Either way, I probably won't be able to resist the new and shiny for the whole year, so let's introduce a new category of blog posts: Guest Games, which will occupy the middle ground between one-shot Experiments and full-blown campaigns. Given that, I shouldn't buy any more gaming products, but we all know how that goes, don't we?
Much as I would like to be a hedgehog, I suspect I am really a fox.
Blogs and Whatnot
It's more helpful to think of the various incarnations of my blog not as separate entities, but as different series of a TV show which has changed networks.
Here's the back catalogue, with the highlights as I remember them, through a glass darkly...
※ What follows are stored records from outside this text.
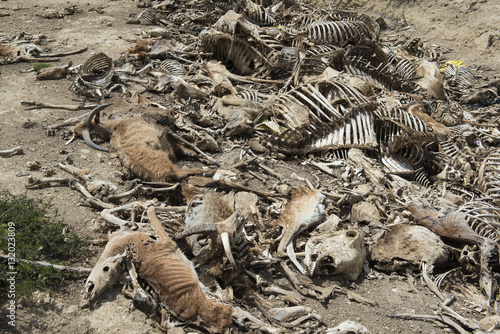 Animal carcass grave yard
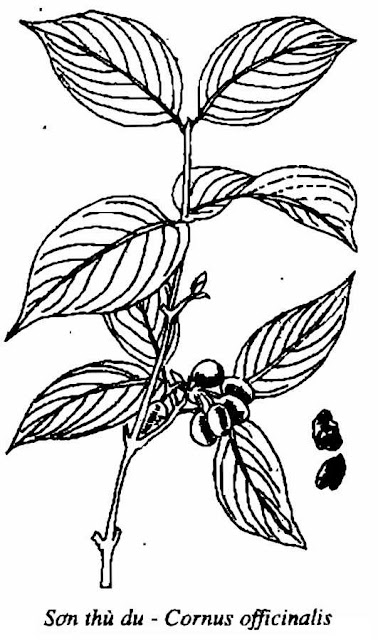 HÌNH VẼ SƠN THÙ DU - Cornus officinalis - Nguyên liệu làm Thuốc Bổ, Thuốc Bồi Dưỡng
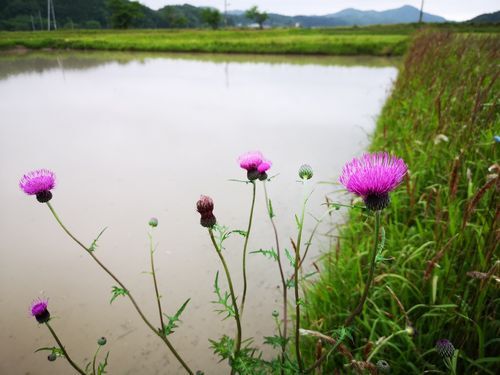 �Ĥ�ܤ��ʤ��饢���ߤ����礷�Ƥ��ޤ���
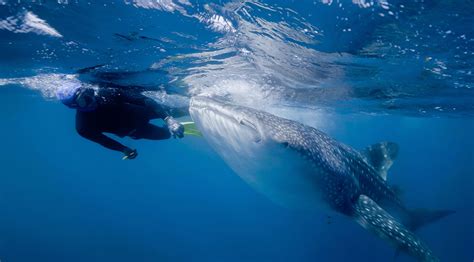 Parasites store black box of info on whale sharks' diet - TrendRadars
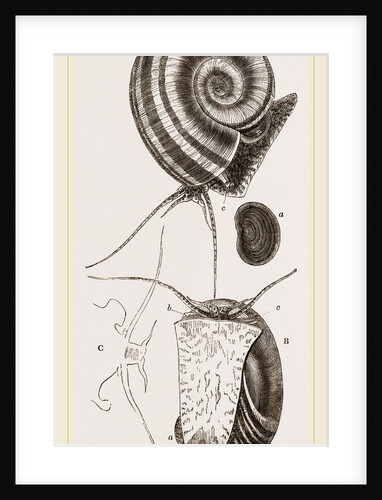 Ram's horn Ampullaria by Anonymous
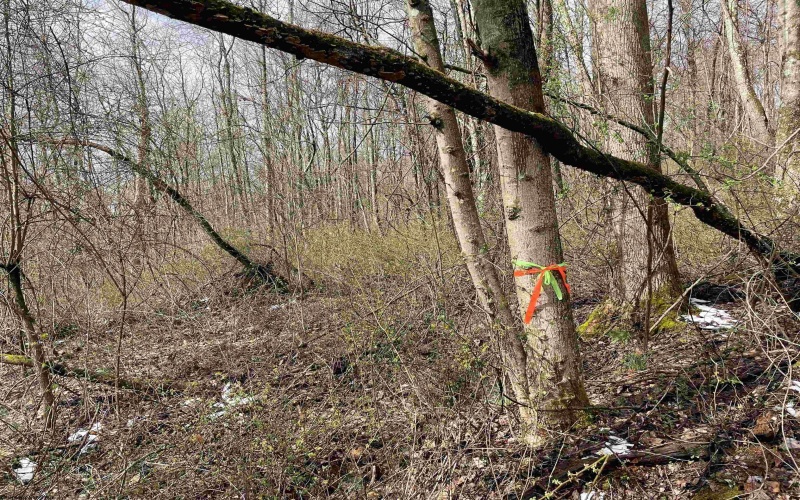 Lot 23 Hobbits Glenn Estates, Masontown, West Virginia 26542, ,Lots/land,For Sale,Hobbits Glenn,10152470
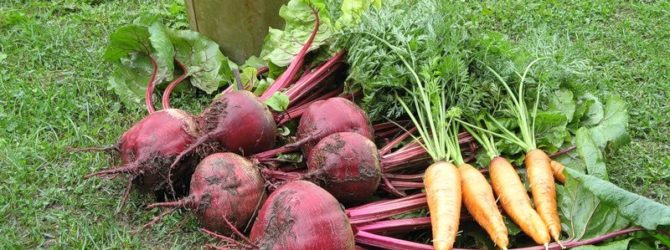 Как вырастить морковь и свёклу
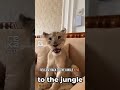 Unforgettable Animal Moments #Animals #Pets #Wildlife #CuteAnimals #FunnyAnimals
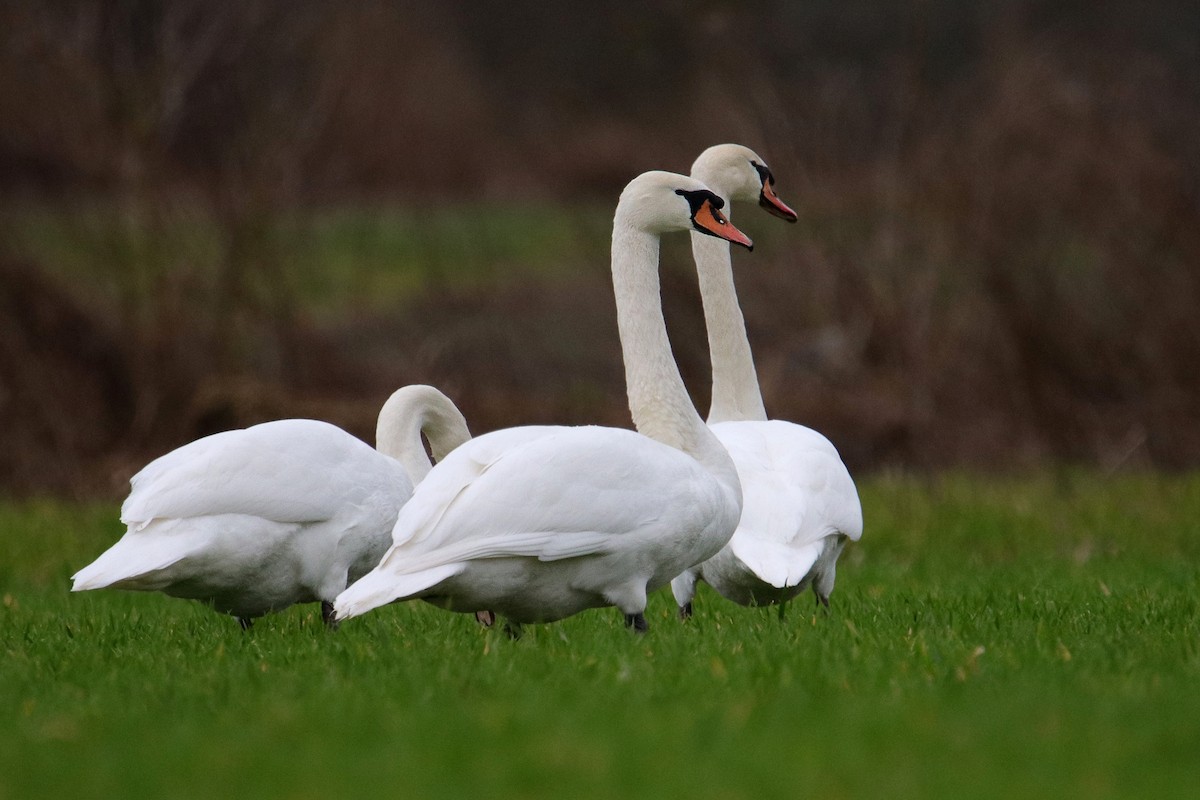 Mute Swan - ML433465001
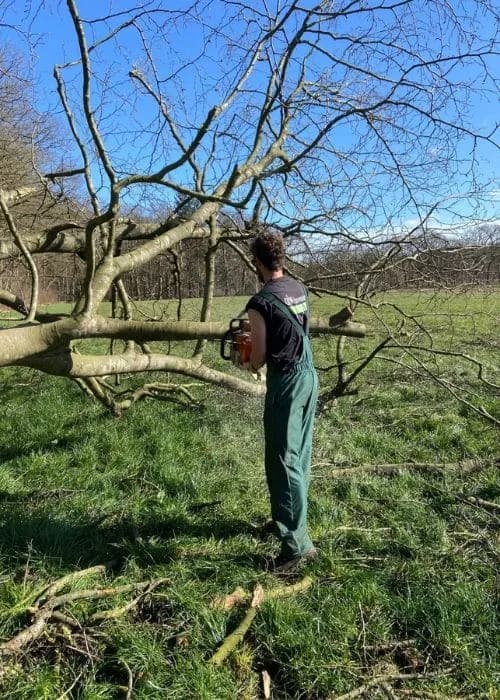 Bomen snoeien hovenier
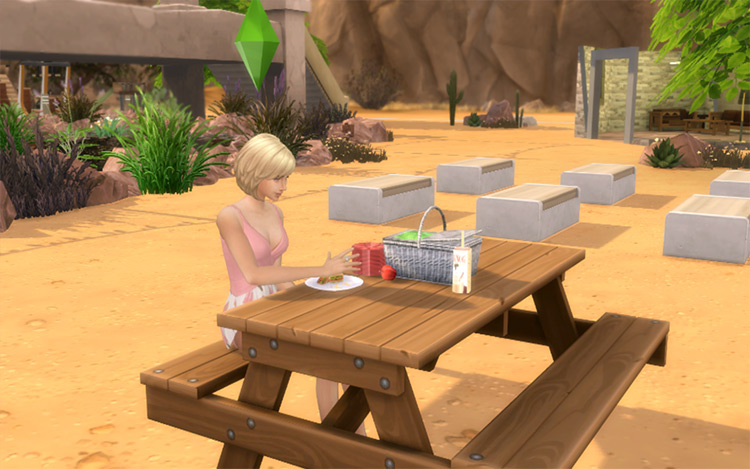 Functional Picnic Basket for Sims 4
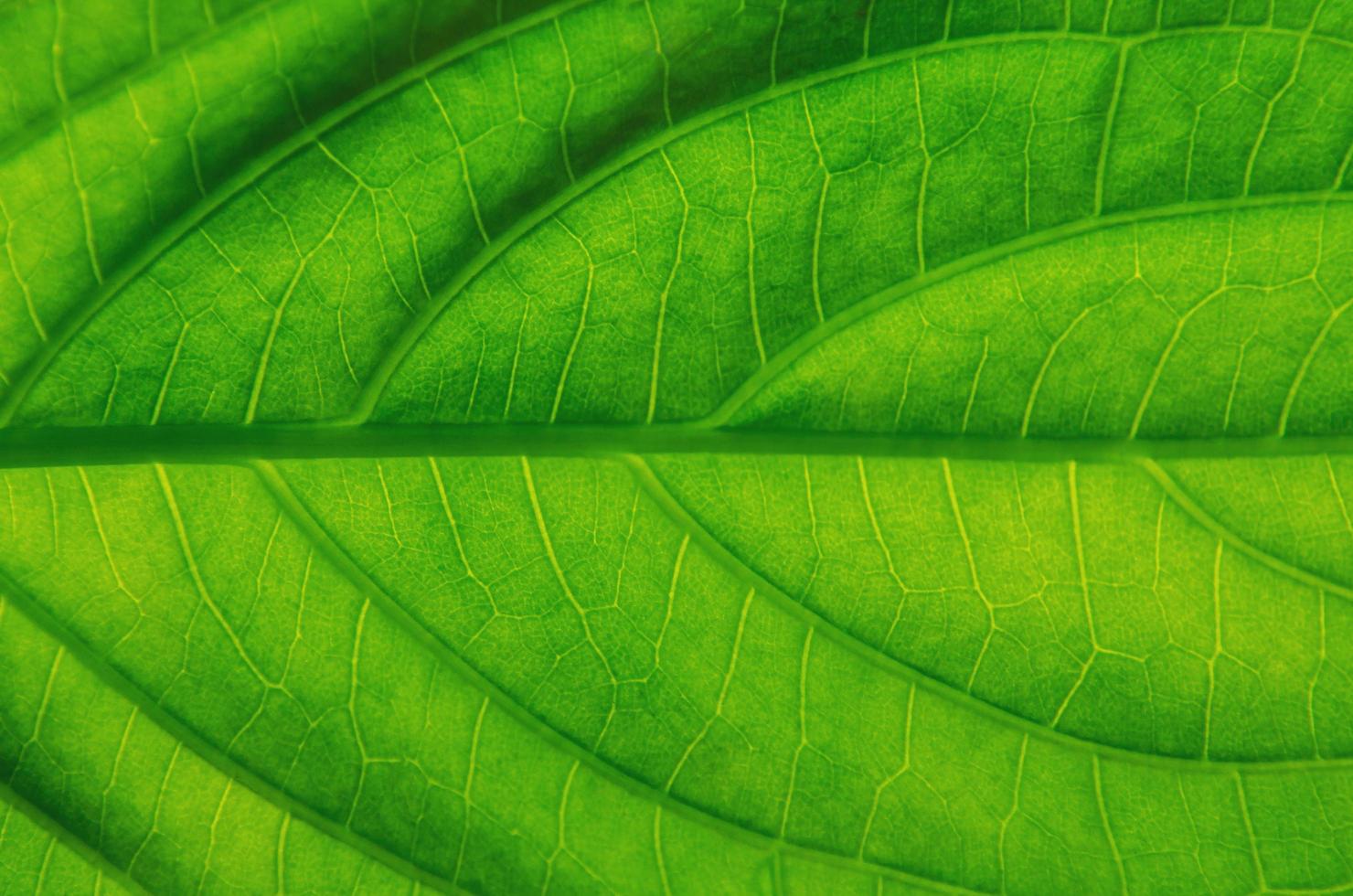 textura de folhas verdes e fibra de folha, plano de fundo por folha verde. foto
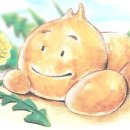 강아지똥 Daum카페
- Halfway Station 1. Lost in the mists of time, this was really more of a website than a blog. It was focused mostly on 2300AD, which was my passion at the time, but included a lot of family stuff as well. Late 80s or early 90s I think, hosted by NTL, lost when I changed ISP but it had been on hiatus for a while before that.
- Halfway Station 2. The first proper blog, this was focused on Savage Worlds Deluxe and Beasts & Barbarians for group play, and Two Hour Wargames products for solo campaigns. Hosted by Wordpress, 2008-2018.
- Halfway Station 3.0. At the time, I thought of this as the third act; I was convinced I knew what I was doing and would never need to change again. That was wrong, but the blog did include the best version of the Arioniad to date and the two best group games I've run so far, The Pirates of Drinax and The Dracula Dossier. Hosted by Wordpress, 2018-2024.
- Halfway Station Phase 4. A collection of failed experiments. Hosted by Wordpress, 2024-2025, abandoned partly because none of the campaigns was working for me and partly because I grew weary of Wordpress randomly inserting irrelevant adverts every few paragraphs.
- Halfway Station Season 5. Here we are, the platform is looking good, and the campaigns are improving, although not yet up to the high bar set by Halfway Station 3.0. Hosted by Blogger, 2025 to date.